## DIRECTIONS FOR THIS TASK
Include in the output exactly the lines from the opening of the data through the line containing "Bicycle & Motorcycle Phone Mount - Image 3", and nothing more.

## Short descriptive text snippets

───

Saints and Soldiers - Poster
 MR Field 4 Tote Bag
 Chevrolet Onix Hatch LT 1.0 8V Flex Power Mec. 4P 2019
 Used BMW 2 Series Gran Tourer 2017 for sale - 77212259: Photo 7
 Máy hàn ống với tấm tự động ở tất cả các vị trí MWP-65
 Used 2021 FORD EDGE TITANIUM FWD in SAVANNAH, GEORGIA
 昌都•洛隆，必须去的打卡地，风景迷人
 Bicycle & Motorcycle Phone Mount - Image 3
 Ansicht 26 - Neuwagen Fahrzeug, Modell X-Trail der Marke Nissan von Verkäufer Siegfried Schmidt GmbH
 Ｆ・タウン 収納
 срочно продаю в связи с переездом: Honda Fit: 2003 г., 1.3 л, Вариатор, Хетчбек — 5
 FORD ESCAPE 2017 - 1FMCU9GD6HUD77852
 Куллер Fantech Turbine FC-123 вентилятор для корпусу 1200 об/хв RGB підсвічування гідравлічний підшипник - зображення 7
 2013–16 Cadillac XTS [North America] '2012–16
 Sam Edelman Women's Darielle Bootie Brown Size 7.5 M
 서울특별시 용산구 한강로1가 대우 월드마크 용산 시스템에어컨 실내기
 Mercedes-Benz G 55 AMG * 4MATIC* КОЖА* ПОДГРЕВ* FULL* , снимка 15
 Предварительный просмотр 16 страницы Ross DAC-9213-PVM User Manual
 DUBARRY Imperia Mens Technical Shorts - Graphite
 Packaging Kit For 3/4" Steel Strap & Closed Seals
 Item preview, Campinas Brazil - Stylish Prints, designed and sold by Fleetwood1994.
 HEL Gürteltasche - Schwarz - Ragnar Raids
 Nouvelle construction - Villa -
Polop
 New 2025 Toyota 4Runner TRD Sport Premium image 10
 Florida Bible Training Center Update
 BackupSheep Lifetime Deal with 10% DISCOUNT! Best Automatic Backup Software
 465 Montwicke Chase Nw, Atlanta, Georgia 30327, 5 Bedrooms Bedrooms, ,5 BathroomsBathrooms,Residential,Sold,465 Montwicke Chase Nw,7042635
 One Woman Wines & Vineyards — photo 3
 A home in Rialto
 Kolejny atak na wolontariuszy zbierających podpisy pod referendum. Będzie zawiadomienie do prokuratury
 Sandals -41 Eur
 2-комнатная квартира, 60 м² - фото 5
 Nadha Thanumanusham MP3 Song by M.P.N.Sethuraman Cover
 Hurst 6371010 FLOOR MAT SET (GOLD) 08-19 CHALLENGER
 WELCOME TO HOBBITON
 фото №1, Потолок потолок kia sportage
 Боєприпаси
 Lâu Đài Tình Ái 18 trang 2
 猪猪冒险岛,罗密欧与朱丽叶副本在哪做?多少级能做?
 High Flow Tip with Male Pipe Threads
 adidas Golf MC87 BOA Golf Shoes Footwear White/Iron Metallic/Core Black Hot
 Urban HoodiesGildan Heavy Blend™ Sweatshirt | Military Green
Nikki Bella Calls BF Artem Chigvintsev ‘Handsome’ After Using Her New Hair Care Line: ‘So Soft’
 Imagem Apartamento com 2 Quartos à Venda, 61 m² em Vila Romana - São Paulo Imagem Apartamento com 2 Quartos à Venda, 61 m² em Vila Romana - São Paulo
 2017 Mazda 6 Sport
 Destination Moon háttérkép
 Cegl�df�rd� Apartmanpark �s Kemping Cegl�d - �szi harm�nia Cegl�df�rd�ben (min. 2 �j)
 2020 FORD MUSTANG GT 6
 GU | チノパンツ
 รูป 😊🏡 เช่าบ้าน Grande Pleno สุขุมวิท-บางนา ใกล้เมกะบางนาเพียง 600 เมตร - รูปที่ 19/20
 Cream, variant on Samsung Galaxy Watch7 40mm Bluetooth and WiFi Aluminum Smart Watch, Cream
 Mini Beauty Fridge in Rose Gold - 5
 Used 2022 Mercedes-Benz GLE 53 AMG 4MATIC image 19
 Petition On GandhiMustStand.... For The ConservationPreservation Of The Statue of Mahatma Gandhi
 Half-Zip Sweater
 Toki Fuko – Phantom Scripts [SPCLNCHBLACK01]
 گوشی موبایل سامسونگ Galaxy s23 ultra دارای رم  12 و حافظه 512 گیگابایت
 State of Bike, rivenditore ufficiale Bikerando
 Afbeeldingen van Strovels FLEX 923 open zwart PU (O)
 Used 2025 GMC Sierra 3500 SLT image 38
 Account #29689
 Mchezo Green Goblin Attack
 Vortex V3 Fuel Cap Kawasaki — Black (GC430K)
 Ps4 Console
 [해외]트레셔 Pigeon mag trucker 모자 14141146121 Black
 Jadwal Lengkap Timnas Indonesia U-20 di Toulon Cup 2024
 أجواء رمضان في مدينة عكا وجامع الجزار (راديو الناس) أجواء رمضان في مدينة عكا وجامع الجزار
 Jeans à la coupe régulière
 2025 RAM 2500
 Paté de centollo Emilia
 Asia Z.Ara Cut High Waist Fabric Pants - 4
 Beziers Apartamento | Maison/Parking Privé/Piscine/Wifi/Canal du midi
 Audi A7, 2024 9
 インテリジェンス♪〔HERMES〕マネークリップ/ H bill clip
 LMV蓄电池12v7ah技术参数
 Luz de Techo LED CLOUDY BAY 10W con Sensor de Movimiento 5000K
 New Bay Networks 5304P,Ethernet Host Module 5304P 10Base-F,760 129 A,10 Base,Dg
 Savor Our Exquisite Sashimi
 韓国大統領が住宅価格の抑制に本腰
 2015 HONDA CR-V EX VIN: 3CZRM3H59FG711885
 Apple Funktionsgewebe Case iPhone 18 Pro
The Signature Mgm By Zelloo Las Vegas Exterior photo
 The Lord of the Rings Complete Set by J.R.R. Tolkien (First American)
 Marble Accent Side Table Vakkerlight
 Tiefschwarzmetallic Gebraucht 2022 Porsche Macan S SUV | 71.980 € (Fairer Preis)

───

## ANSWER TO THIS PROBLEM
Saints and Soldiers - Poster
 MR Field 4 Tote Bag
 Chevrolet Onix Hatch LT 1.0 8V Flex Power Mec. 4P 2019
 Used BMW 2 Series Gran Tourer 2017 for sale - 77212259: Photo 7
 Máy hàn ống với tấm tự động ở tất cả các vị trí MWP-65
 Used 2021 FORD EDGE TITANIUM FWD in SAVANNAH, GEORGIA
 昌都•洛隆，必须去的打卡地，风景迷人
 Bicycle & Motorcycle Phone Mount - Image 3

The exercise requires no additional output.